While our dispatchers make every effort to answer each call, it is not always possible - especially during large or wide-spread outages when we receive thousands of calls. That’s when our automated system is put to work. With over 20 incoming lines, the outage management system is capable of processing several calls per hour. Depending on the outage and the volume of calls we receive, the automated system provides you with information regarding the status of your outage, as well as an estimated restoration time, when that is known.
If your vehicle comes in contact with a power line while you are still in the vehicle, the electric safety foundation advises you to stay in your vehicle and call 911. Always assume any downed power line is still energized.
Before calling to report an outage: Check your home's breaker panel (and any outdoor disconnects if you are familiar with where they are) to make sure the outage is not due to a tripped breaker. Call your neighbors to see if their power is off. This will help you determine if the problem exists within your home, or on Sioux Valley Energy lines.

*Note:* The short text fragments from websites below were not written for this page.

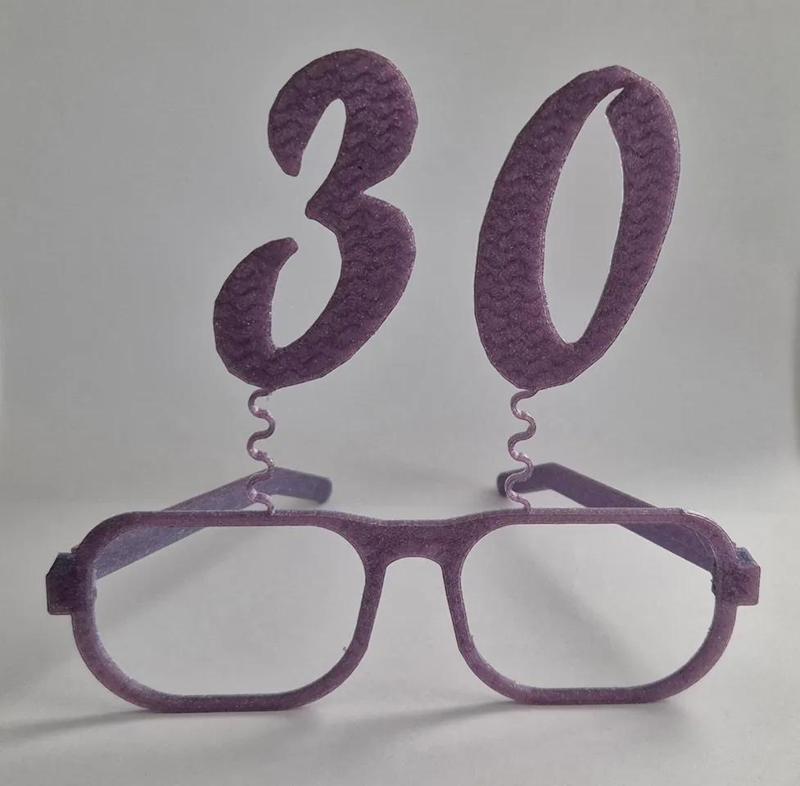 30 Years Happy Birthday Bobbleheands Glasses - Occhiali a molla   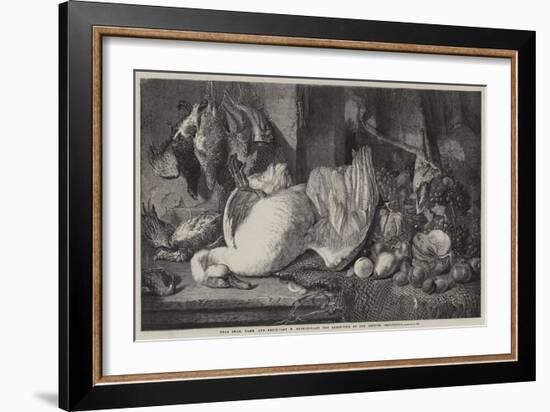 Dead Swan, Game, and Fruit-William Duffield-Framed Giclee Print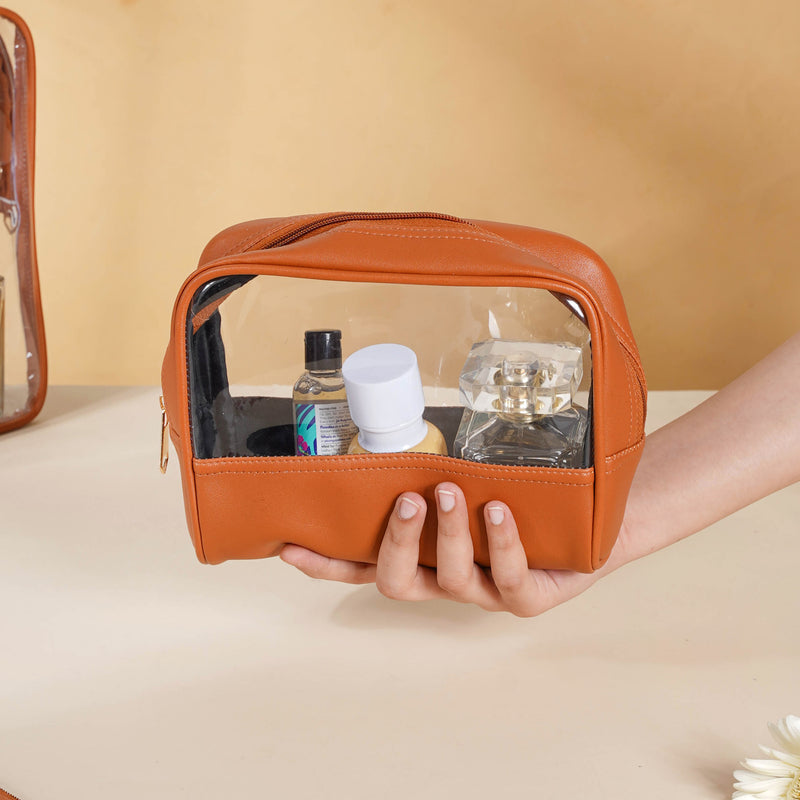 Brown Travel Kit Set of 4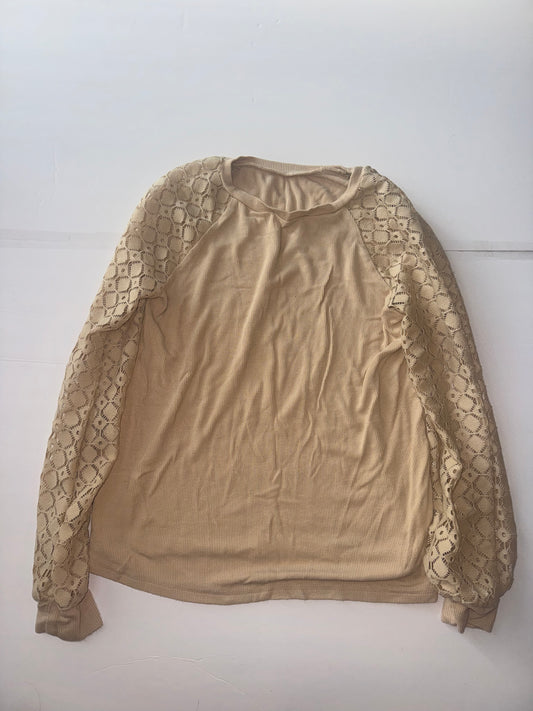 Cream Ribbed Blouse 8/10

Sioux Valley Energy uses a safe and efficient process in getting your power back on. We give top priority to any situation that has live, downed wires or poses a threat to public safety. Typically, outages are restored in the following order:
- Transmission lines from power plants to substations.
- Main distribution/feeder lines from substations to communities.
- Tap lines from feeders into neighborhoods.
- Service lines to individual homes and businesses.
If you see a Sioux Valley Energy truck pass by without stopping, it is because work must first be performed at a nearby location before electric service can be restored to you and your neighbors. Following the outage restoration process ensures all customers have their power restored as quickly and safely as possible.
It depends upon the cause of the outage. Remember to check and make sure your power is not out because of an electrical problem inside your home, such as a tripped breaker. If your neighbor has electricity and you do not, more than likely, they are located on a different circuit than the circuit your home is on, or in some cases may even receive power from a different company.
At Sioux Valley Energy, members with special medical equipment requirements have an outage priority alert placed on their account. We attempt to contact members with this outage alert prior to interrupting power for any planned outages.
In order to be placed on Sioux Valley Energy’s Medical Necessity list, a Certification of Special Medical Needs document must be completed and certified by a medical doctor confirming that medical equipment in use at this service address requires electricity to sustain life. Many health care providers will provide you with their own document which will be accepted as well.
However, during an unexpected outage, members who have medically necessary equipment do not necessarily have their power restored first. During an outage, we restore power to the largest block of members first. This strategy provides the highest probability that members with medically necessary equipment are restored quickly. It is always a good idea to be prepared with a generator or power-pack backup if power is medically necessary.
Members with a medical necessity status are still subject to disconnection for non-payment.
Consider all fallen wires to be energized, regardless of whether or not they appear to be safe. Do not drive over them. Report the fallen power line to your cooperative immediately. If there is a fire or other sparks, call 911. Make sure your children, pets and neighbors stay away from the power line and any objects it may be touching.
You may want to consider creating an outage preparation kit that includes a portable radio, batteries, corded phone and a flashlight. Store this kit in a designated place so it is easy to find.